* TASK GOAL:
Return all the entries word for word.

Extracted data entries:
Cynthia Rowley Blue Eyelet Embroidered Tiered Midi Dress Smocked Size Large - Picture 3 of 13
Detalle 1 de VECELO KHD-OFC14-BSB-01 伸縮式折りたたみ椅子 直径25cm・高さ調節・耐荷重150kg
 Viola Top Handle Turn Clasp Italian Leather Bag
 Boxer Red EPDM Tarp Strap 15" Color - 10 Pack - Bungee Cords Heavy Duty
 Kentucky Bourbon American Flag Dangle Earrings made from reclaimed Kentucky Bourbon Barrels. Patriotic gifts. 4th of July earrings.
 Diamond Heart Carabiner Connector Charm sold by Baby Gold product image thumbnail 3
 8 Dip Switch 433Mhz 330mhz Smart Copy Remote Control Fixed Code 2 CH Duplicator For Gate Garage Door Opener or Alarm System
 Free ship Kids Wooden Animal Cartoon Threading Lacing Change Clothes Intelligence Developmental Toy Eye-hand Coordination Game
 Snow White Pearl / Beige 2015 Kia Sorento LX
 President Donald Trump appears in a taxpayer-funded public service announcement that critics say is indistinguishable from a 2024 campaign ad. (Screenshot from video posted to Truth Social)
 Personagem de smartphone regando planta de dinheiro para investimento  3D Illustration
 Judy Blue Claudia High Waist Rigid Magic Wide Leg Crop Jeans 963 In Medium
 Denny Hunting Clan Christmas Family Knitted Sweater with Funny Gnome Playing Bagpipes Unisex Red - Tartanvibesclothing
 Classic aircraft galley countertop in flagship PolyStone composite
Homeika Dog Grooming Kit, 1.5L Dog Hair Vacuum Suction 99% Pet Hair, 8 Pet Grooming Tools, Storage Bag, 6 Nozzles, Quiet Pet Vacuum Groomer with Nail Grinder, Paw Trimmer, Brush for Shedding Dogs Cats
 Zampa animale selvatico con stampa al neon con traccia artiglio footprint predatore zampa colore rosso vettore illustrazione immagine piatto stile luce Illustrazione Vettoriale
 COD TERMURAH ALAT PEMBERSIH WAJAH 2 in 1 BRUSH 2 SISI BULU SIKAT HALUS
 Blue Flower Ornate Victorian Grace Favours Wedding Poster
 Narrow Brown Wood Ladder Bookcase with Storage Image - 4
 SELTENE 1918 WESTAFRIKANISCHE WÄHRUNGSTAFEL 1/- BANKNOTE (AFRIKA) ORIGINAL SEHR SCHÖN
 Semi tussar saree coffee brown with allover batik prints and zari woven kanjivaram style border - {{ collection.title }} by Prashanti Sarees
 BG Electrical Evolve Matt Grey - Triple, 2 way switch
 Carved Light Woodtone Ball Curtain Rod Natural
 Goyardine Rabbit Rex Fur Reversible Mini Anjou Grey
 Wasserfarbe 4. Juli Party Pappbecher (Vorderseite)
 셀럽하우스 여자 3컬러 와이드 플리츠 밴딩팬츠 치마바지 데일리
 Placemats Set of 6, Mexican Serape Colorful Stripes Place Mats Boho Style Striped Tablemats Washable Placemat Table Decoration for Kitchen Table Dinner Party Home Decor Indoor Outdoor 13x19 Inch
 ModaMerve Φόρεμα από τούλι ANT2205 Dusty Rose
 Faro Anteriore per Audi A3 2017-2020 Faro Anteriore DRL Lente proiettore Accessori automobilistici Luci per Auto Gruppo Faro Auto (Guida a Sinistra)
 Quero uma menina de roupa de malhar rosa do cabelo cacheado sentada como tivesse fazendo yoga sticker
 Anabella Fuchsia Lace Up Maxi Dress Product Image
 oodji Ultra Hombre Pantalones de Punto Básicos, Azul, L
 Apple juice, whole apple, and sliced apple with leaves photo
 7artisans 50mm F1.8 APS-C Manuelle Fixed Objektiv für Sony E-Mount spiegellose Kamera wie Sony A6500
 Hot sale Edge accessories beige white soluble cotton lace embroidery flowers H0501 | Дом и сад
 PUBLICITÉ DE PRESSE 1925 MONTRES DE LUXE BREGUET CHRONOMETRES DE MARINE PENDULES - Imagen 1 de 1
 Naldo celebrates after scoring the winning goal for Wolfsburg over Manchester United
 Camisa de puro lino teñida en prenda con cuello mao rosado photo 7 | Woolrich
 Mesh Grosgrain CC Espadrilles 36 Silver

* YOUR RESPONSE:
Cynthia Rowley Blue Eyelet Embroidered Tiered Midi Dress Smocked Size Large - Picture 3 of 13
Detalle 1 de VECELO KHD-OFC14-BSB-01 伸縮式折りたたみ椅子 直径25cm・高さ調節・耐荷重150kg
 Viola Top Handle Turn Clasp Italian Leather Bag
 Boxer Red EPDM Tarp Strap 15" Color - 10 Pack - Bungee Cords Heavy Duty
 Kentucky Bourbon American Flag Dangle Earrings made from reclaimed Kentucky Bourbon Barrels. Patriotic gifts. 4th of July earrings.
 Diamond Heart Carabiner Connector Charm sold by Baby Gold product image thumbnail 3
 8 Dip Switch 433Mhz 330mhz Smart Copy Remote Control Fixed Code 2 CH Duplicator For Gate Garage Door Opener or Alarm System
 Free ship Kids Wooden Animal Cartoon Threading Lacing Change Clothes Intelligence Developmental Toy Eye-hand Coordination Game
 Snow White Pearl / Beige 2015 Kia Sorento LX
 President Donald Trump appears in a taxpayer-funded public service announcement that critics say is indistinguishable from a 2024 campaign ad. (Screenshot from video posted to Truth Social)
 Personagem de smartphone regando planta de dinheiro para investimento  3D Illustration
 Judy Blue Claudia High Waist Rigid Magic Wide Leg Crop Jeans 963 In Medium
 Denny Hunting Clan Christmas Family Knitted Sweater with Funny Gnome Playing Bagpipes Unisex Red - Tartanvibesclothing
 Classic aircraft galley countertop in flagship PolyStone composite
Homeika Dog Grooming Kit, 1.5L Dog Hair Vacuum Suction 99% Pet Hair, 8 Pet Grooming Tools, Storage Bag, 6 Nozzles, Quiet Pet Vacuum Groomer with Nail Grinder, Paw Trimmer, Brush for Shedding Dogs Cats
 Zampa animale selvatico con stampa al neon con traccia artiglio footprint predatore zampa colore rosso vettore illustrazione immagine piatto stile luce Illustrazione Vettoriale
 COD TERMURAH ALAT PEMBERSIH WAJAH 2 in 1 BRUSH 2 SISI BULU SIKAT HALUS
 Blue Flower Ornate Victorian Grace Favours Wedding Poster
 Narrow Brown Wood Ladder Bookcase with Storage Image - 4
 SELTENE 1918 WESTAFRIKANISCHE WÄHRUNGSTAFEL 1/- BANKNOTE (AFRIKA) ORIGINAL SEHR SCHÖN
 Semi tussar saree coffee brown with allover batik prints and zari woven kanjivaram style border - {{ collection.title }} by Prashanti Sarees
 BG Electrical Evolve Matt Grey - Triple, 2 way switch
 Carved Light Woodtone Ball Curtain Rod Natural
 Goyardine Rabbit Rex Fur Reversible Mini Anjou Grey
 Wasserfarbe 4. Juli Party Pappbecher (Vorderseite)
 셀럽하우스 여자 3컬러 와이드 플리츠 밴딩팬츠 치마바지 데일리
 Placemats Set of 6, Mexican Serape Colorful Stripes Place Mats Boho Style Striped Tablemats Washable Placemat Table Decoration for Kitchen Table Dinner Party Home Decor Indoor Outdoor 13x19 Inch
 ModaMerve Φόρεμα από τούλι ANT2205 Dusty Rose
 Faro Anteriore per Audi A3 2017-2020 Faro Anteriore DRL Lente proiettore Accessori automobilistici Luci per Auto Gruppo Faro Auto (Guida a Sinistra)
 Quero uma menina de roupa de malhar rosa do cabelo cacheado sentada como tivesse fazendo yoga sticker
 Anabella Fuchsia Lace Up Maxi Dress Product Image
 oodji Ultra Hombre Pantalones de Punto Básicos, Azul, L
 Apple juice, whole apple, and sliced apple with leaves photo
 7artisans 50mm F1.8 APS-C Manuelle Fixed Objektiv für Sony E-Mount spiegellose Kamera wie Sony A6500
 Hot sale Edge accessories beige white soluble cotton lace embroidery flowers H0501 | Дом и сад
 PUBLICITÉ DE PRESSE 1925 MONTRES DE LUXE BREGUET CHRONOMETRES DE MARINE PENDULES - Imagen 1 de 1
 Naldo celebrates after scoring the winning goal for Wolfsburg over Manchester United
 Camisa de puro lino teñida en prenda con cuello mao rosado photo 7 | Woolrich
 Mesh Grosgrain CC Espadrilles 36 Silver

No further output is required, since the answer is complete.